▶ **About this exercise**
From the line that holds "Tweedehands Rock Shox" down to the last line of the listing below, transcribe exactly and only those lines. Leave pictures out.

▶ **Dataset extract**
Start of Block

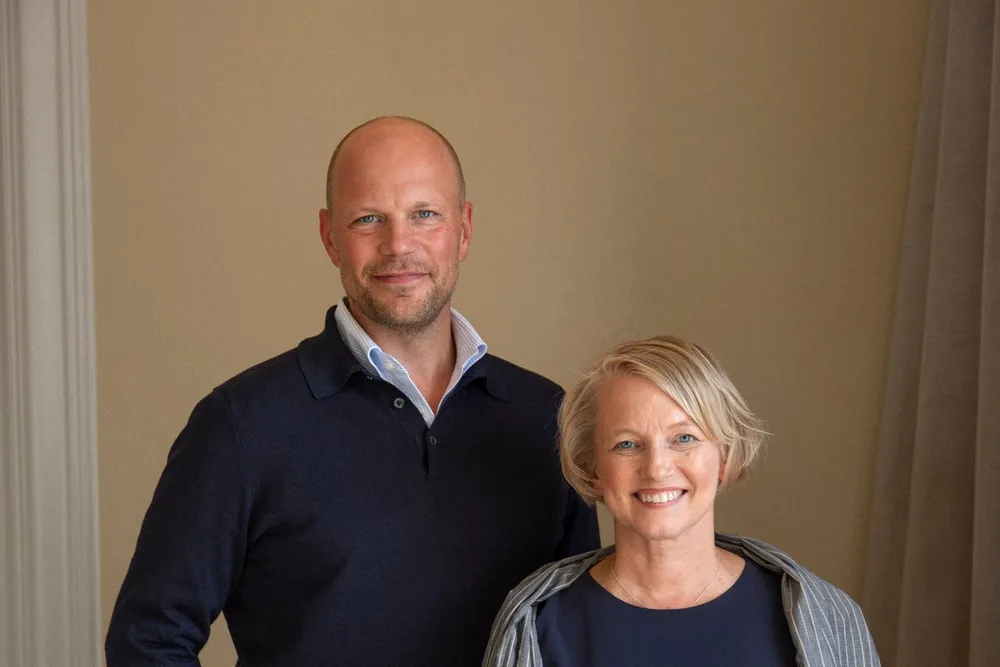 Det nordiske oppkjøpsfondet Axcel, grunnlagt i Danmark, står bak det nye svenske firmaet AGRD Partners, en fusjon av seks svenske advokatfirmaer. Styreleder i det nye svenske selskapet, Maria-Pia Hope, er tidligere toppsjef i det svenske advokatfirmaet Vinge. Til venstre Partner Björn Larsson, partner i Axcel.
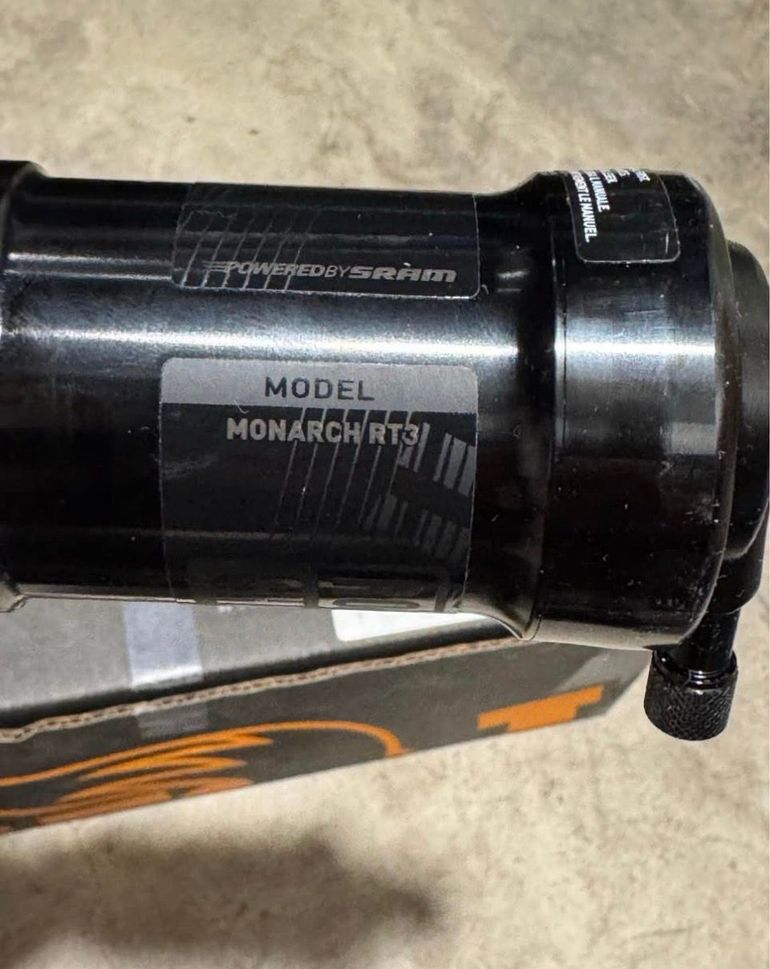 Tweedehands Rock Shox rock monarc 2025 bike — afbeelding 6 van 6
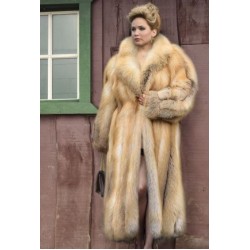 Jennifer Lawrence Fur Coat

End of Block

▶ **Exercise response**
 Tweedehands Rock Shox rock monarc 2025 bike — afbeelding 6 van 6
 Jennifer Lawrence Fur Coat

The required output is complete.